There are a large number of challenging issues involved in designing a system that can support navigation requests and meet the arrival deadlines. These include the management of real-time traffic data, the execution of navigation requests and the monitoring of the best paths for these requests.
Focusing on minimizing the probability of missing arrival deadlines as well as reducing the overhead for monitoring the best path, a replicated directed graph approach for searching the best path in which the servers cache traffic data from other servers is proposed. Since the accuracy of this approach depends on the currency of the cached traffic data, a number of approaches for refreshing this data are explored and an adaptive push and pull technique is proposed.

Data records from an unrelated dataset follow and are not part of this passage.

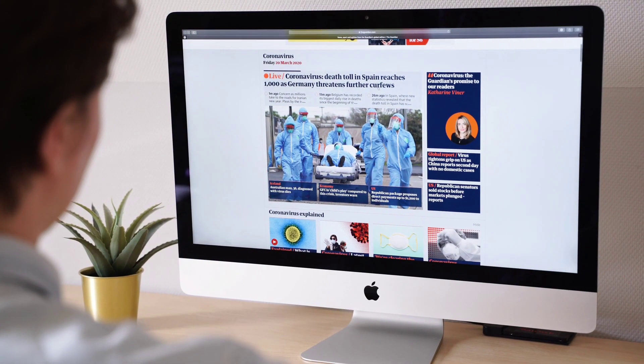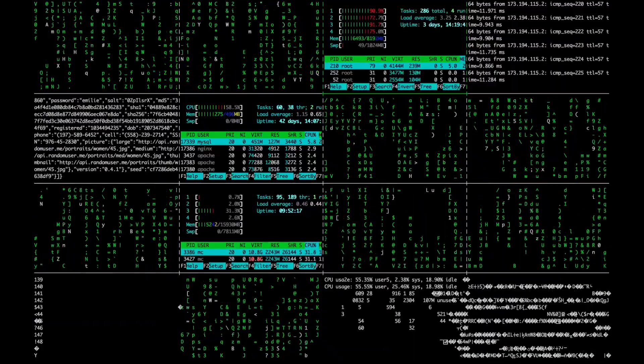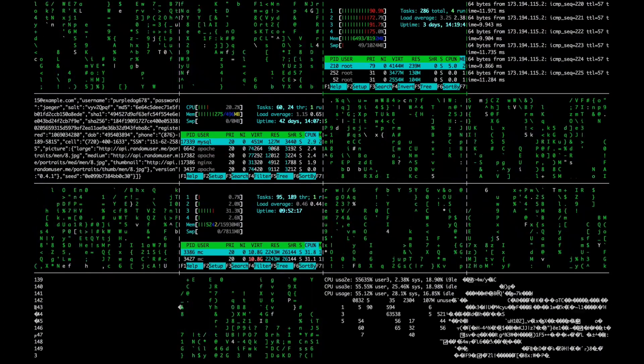So what is the other 90 percent? We can divide the internet into three parts: the first is the surface web, which we just discussed; the second is the deep web; and the third is the dark web.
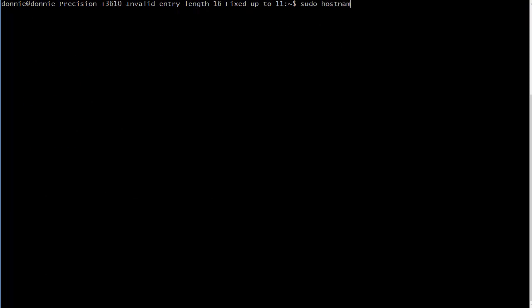Hostnamectl set-hostname, and I'm going to name this lubuntu1a. Now there's a specific reason that I'm naming it that - the reason doesn't matter, just accept the fact that that's the name I want to give it. If I wanted to I could also specify a domain like xyzwidgets.com or something like that, but I don't need to. This is just my own little home network so I'm just going to name it lubuntu1a without the domain name.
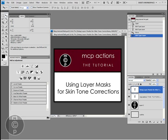Hi, this is Jodi from mcpactions.com. Today I'm going to be teaching you how to use layer masks while doing skin tone corrections.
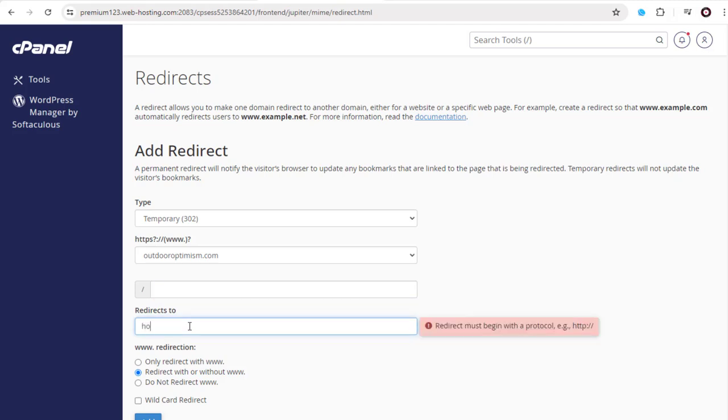In the bottom redirects to field, we need to add the website domain to which we want to redirect. Here I want to redirect to my how to create free website domain.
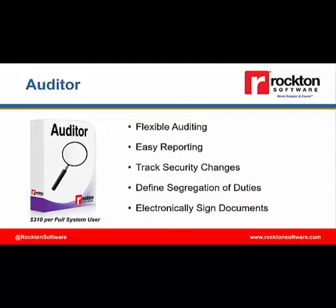Auditor allows you to track any kind of change at the field level in Dynamics. It provides information on when the change was made, who made the change, what the before and after values are, and even why the change was made if you need to gather that information.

RETINA was implemented using two basic components: database servers and mobile clients. The server program is implemented in VC++ 6.0 on Windows NT and the 2 client program is implemented using both VC++ 5.0 for Win CE 3.0 and VC++ 5.0 on Windows 2000.
The server process consists of multiple flags for different functions including servicing requests from mobile client and for system management. A SQL server is connected to the server program at each site and it maintains a database containing the road connections of a district in Hong Kong.
A simulated process is defined at the server to create new traffic data values randomly for the road segments maintained by the system. Each client machine, PC or handheld PC, is pre-loaded with a set of maps for the roads defined in the database servers. The client program supports search for best paths, as well as a number of location-dependent requests.
In addition, a number of simulation experiments were used to explore the effect of various parameters such as push threshold and traffic update rate on the effectiveness of the various proposed mechanisms such as adaptive push and pull. The results show that our algorithms do perform well for various operating environments.